Requirement: Each line in the material below must be transcribed exactly; no picture belongs in the copy.
=== Begin Enclosure ===
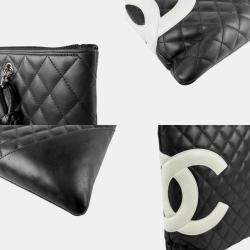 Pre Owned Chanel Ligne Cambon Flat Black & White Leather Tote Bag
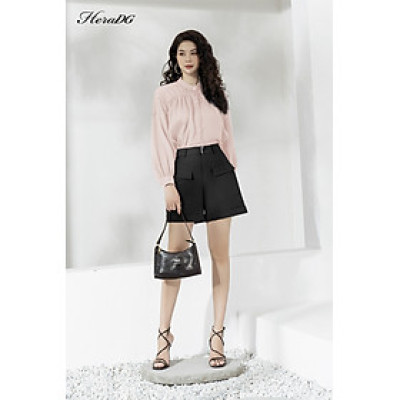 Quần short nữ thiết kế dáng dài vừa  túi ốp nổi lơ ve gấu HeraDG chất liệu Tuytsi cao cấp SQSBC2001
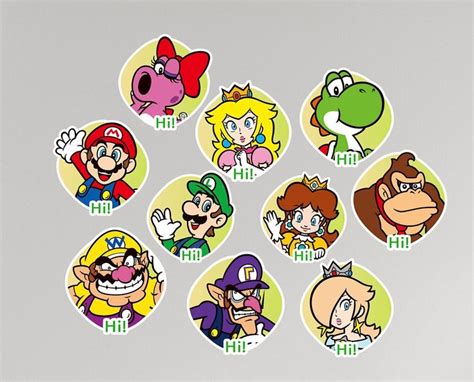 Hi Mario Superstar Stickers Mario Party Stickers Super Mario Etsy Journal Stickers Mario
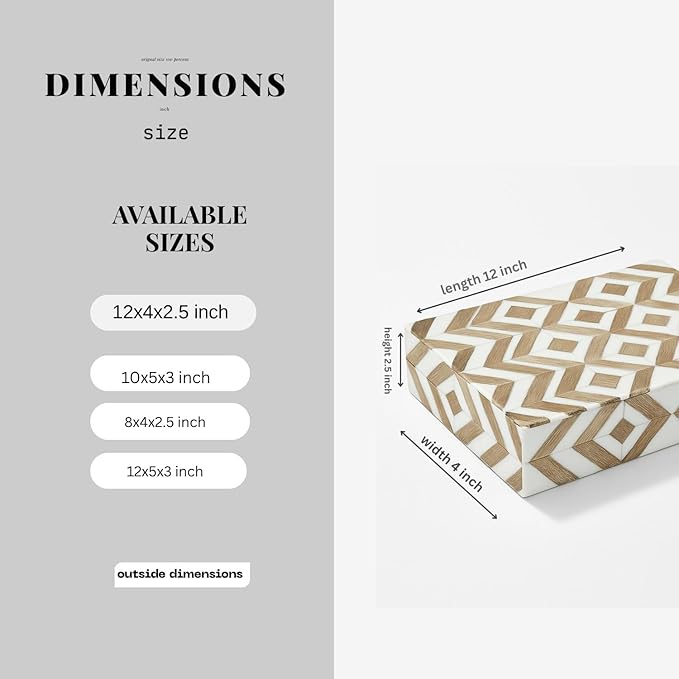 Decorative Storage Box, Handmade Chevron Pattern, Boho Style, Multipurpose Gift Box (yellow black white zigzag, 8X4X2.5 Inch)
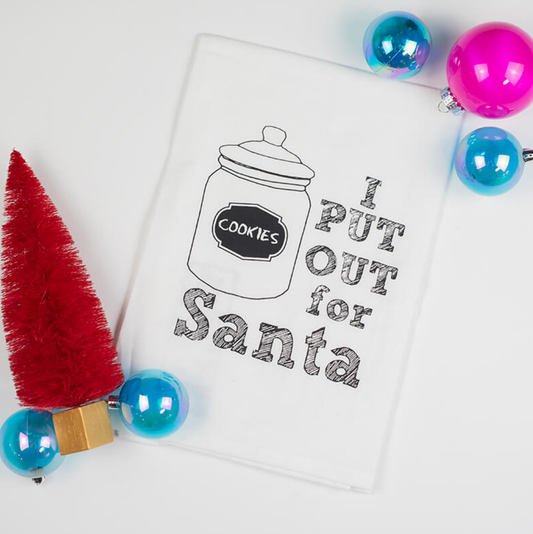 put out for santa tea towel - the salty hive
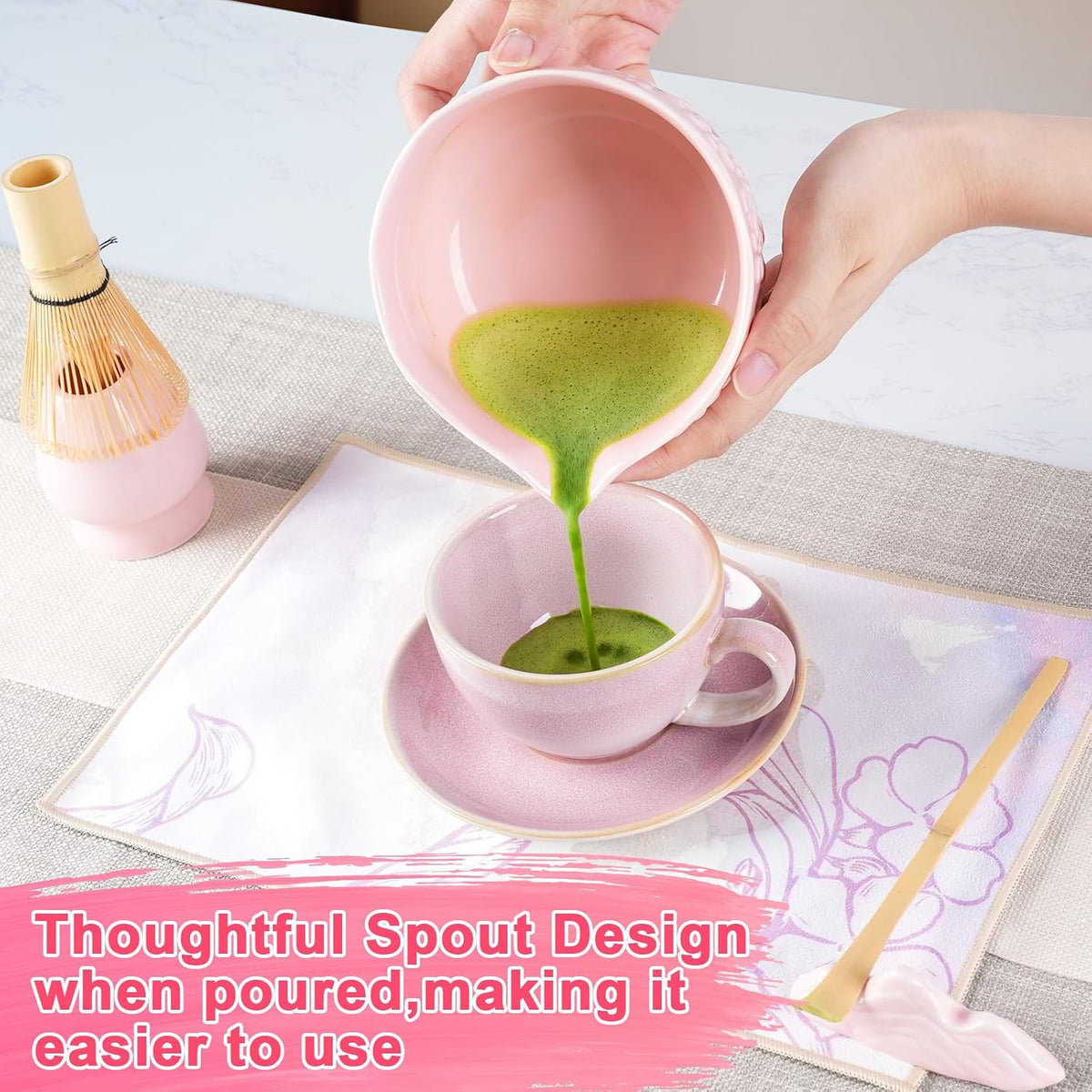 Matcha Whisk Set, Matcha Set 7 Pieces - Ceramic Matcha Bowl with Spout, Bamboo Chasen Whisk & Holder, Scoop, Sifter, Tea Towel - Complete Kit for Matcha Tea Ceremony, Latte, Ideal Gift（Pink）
=== End Enclosure ===
Task result:
 Pre Owned Chanel Ligne Cambon Flat Black & White Leather Tote Bag
 Quần short nữ thiết kế dáng dài vừa  túi ốp nổi lơ ve gấu HeraDG chất liệu Tuytsi cao cấp SQSBC2001
 Hi Mario Superstar Stickers Mario Party Stickers Super Mario Etsy Journal Stickers Mario
 Decorative Storage Box, Handmade Chevron Pattern, Boho Style, Multipurpose Gift Box (yellow black white zigzag, 8X4X2.5 Inch)
 put out for santa tea towel - the salty hive
 Matcha Whisk Set, Matcha Set 7 Pieces - Ceramic Matcha Bowl with Spout, Bamboo Chasen Whisk & Holder, Scoop, Sifter, Tea Towel - Complete Kit for Matcha Tea Ceremony, Latte, Ideal Gift（Pink）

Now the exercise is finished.